Information given section start

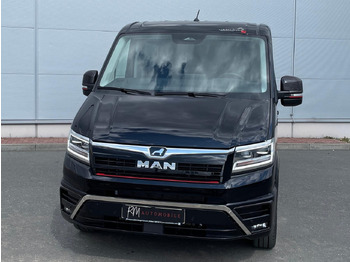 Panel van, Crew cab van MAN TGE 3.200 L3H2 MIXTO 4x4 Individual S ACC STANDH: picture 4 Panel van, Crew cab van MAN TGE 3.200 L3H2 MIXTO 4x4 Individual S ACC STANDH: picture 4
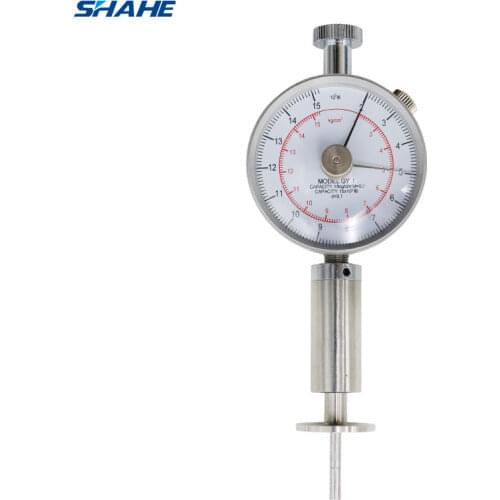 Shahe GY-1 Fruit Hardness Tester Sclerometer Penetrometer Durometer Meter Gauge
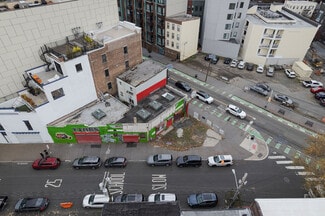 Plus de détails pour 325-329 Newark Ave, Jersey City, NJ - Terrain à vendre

Information given section end
Information given section start

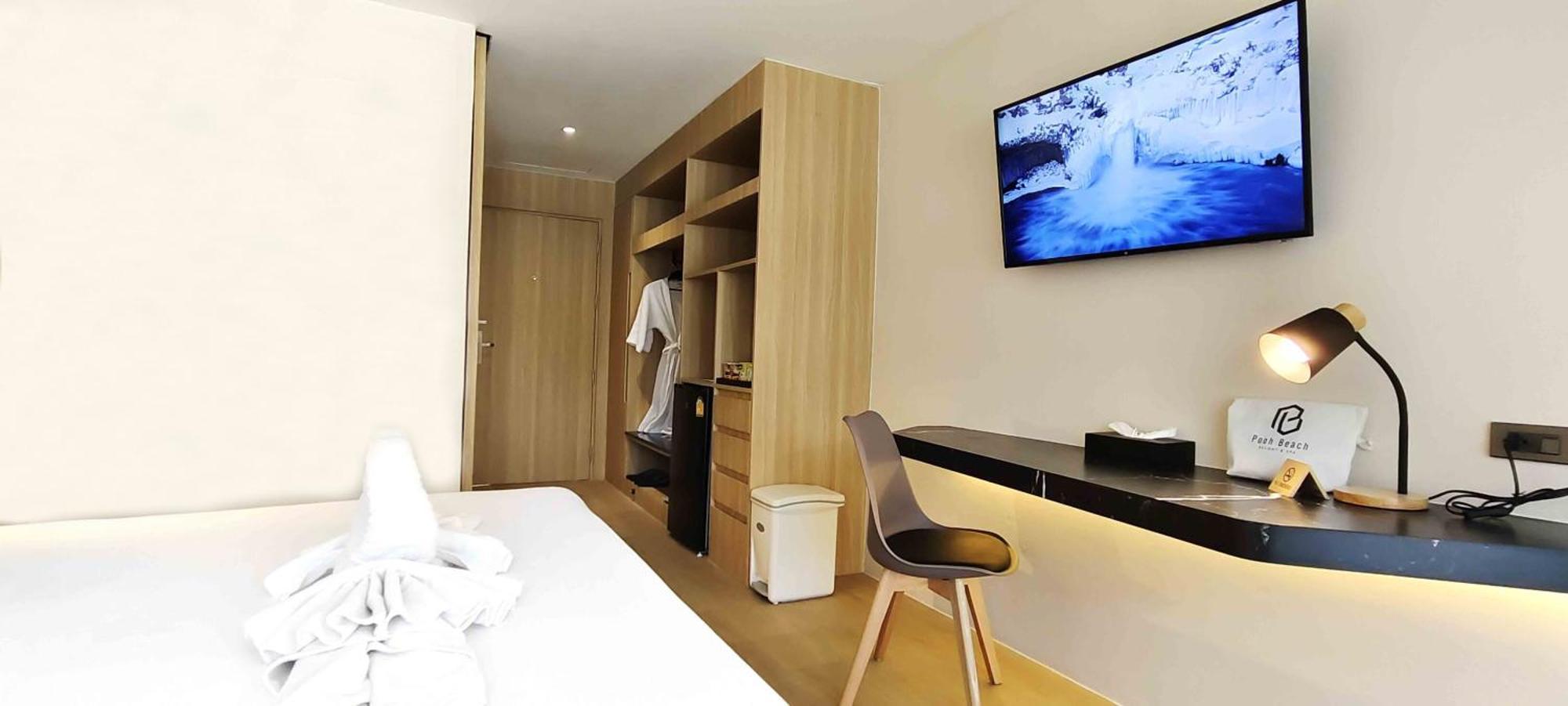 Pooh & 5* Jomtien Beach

Information given section end
Information given section start

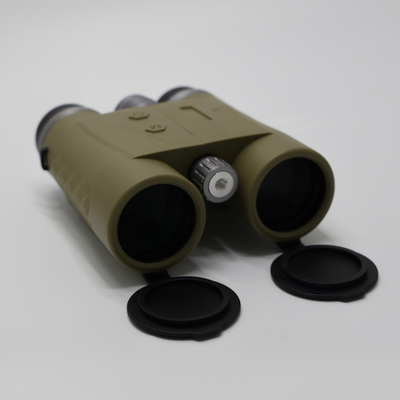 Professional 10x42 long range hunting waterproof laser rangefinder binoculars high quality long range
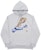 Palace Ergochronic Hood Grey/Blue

Information given section end

_Exercise_:
Look above for the line with "Professional 10x42 long" and the line with "Palace Ergochronic Hood Grey/Blue", then restate exactly those two lines and all lines between them, with no pictures.

_Task result_:
 Professional 10x42 long range hunting waterproof laser rangefinder binoculars high quality long range
 Palace Ergochronic Hood Grey/Blue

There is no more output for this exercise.